A couple months later, the New York Times ran an expose on Coinbase, detailing Black employees’ allegations of unfair treatment at the company, including pay discrimination. Coinbase preemptively published a blog post attempting to refute the claims.
None of that has impaired the company’s growth, as private trades reached record levels in recent weeks ahead of the direct listing. But Coinbase does acknowledge in the risk factors section of its prospectus that a bet on the company is, at least in part, a bet on Armstrong.
“Because we are a founder-led company, actions by, or unfavorable publicity about, Brian Armstrong, our co-founder and Chief Executive Officer, may adversely impact our brand and reputation,” the filing says. “Such negative publicity also could have an adverse effect on the size and engagement of our customers and could result in decreased revenue, which could have an adverse effect on our business, operating results, and financial condition.”

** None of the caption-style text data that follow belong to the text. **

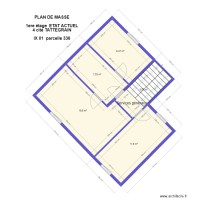 TATTEGRAIN plan de masse 1er étage  ETAT ACTUEL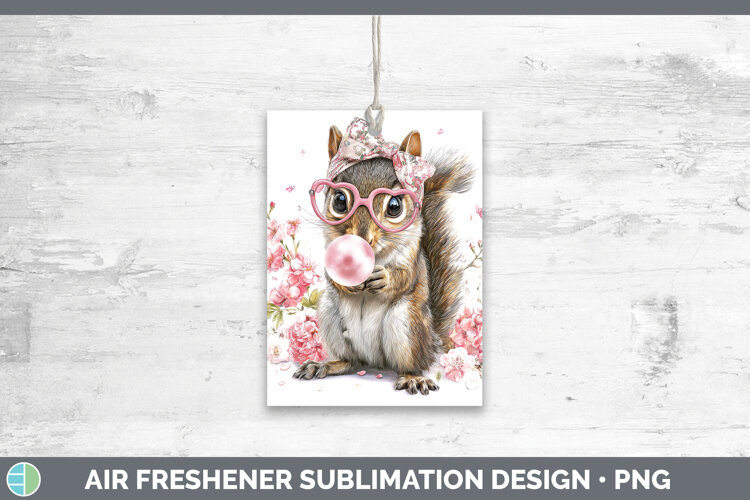 GorgeousWoodland Pink Bubble Gum Air Freshener design.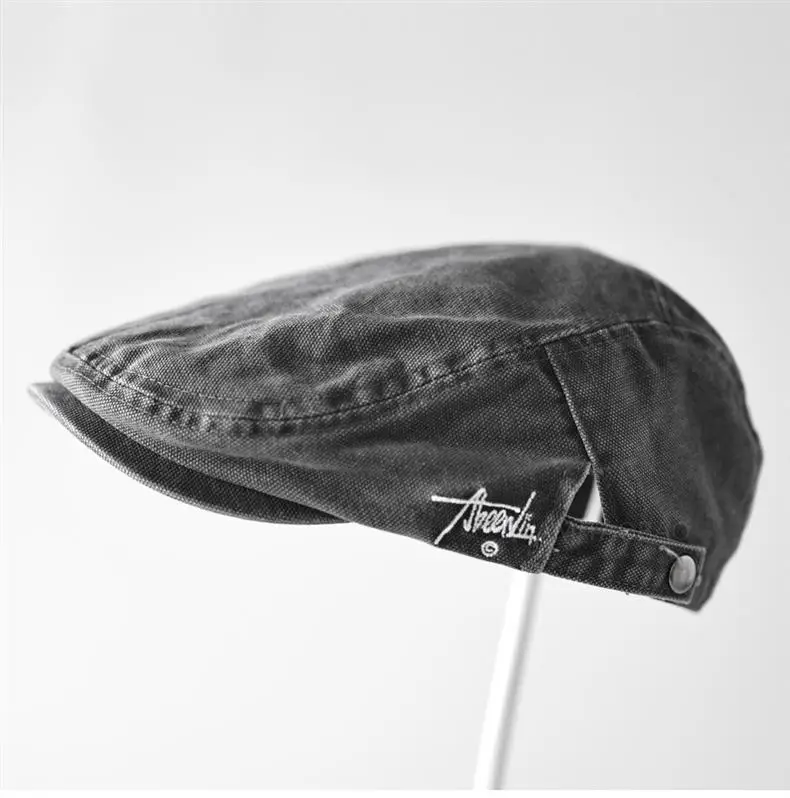 Men/Duny Duckbill Cap with Side Letter Embroidery — feature 3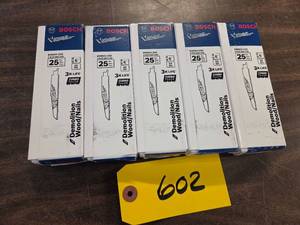 (5) Assorted 5 pks. Bosch 6 Recipr...
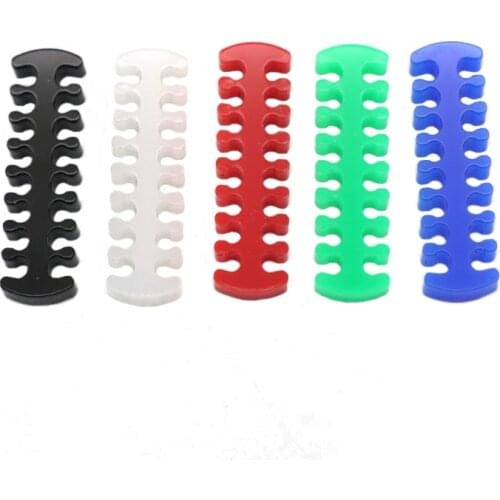 Angitu Factory Price Round 16pin Acrylic Cable Combs 50pcs/lot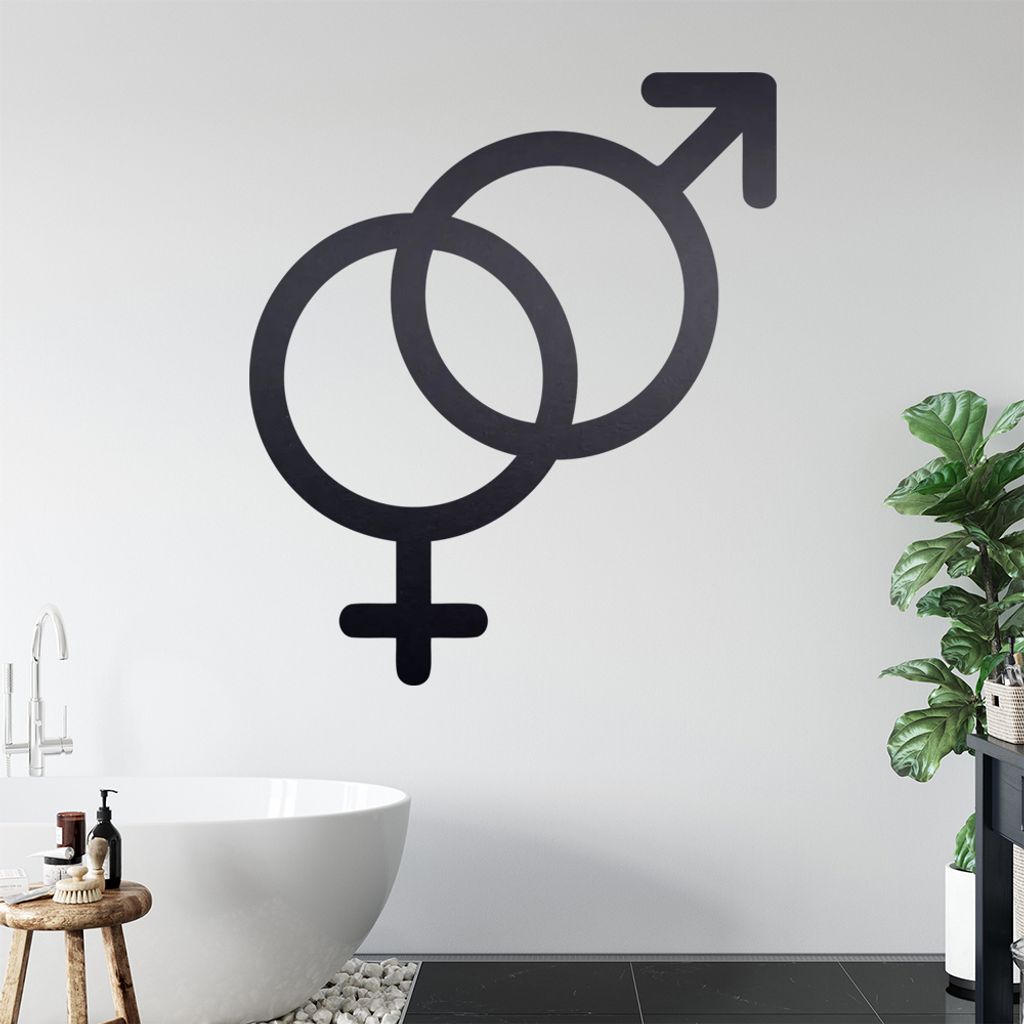 Männlich Weiblich Geschlecht Wandtattoo Wandaufkleber Wall Sticker - Dekoration, Küche, Wohnzimmer, Schlafzimmer, Badezimmer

Armstrong is heavily incentivized to keep the momentum going. He was paid a salary of $1 million last year, though his total compensation topped $59 million with all his option awards.
In August, Armstrong was granted a multibillion-dollar performance award, giving him the ability to purchase 9.29 million options at $23.46 over 10 years. The awards are all based on the company’s stock trading at a certain price for 60 days. Based on the private market price, roughly three-quarters of the award will vest in short order. The highest tranche vests at $400.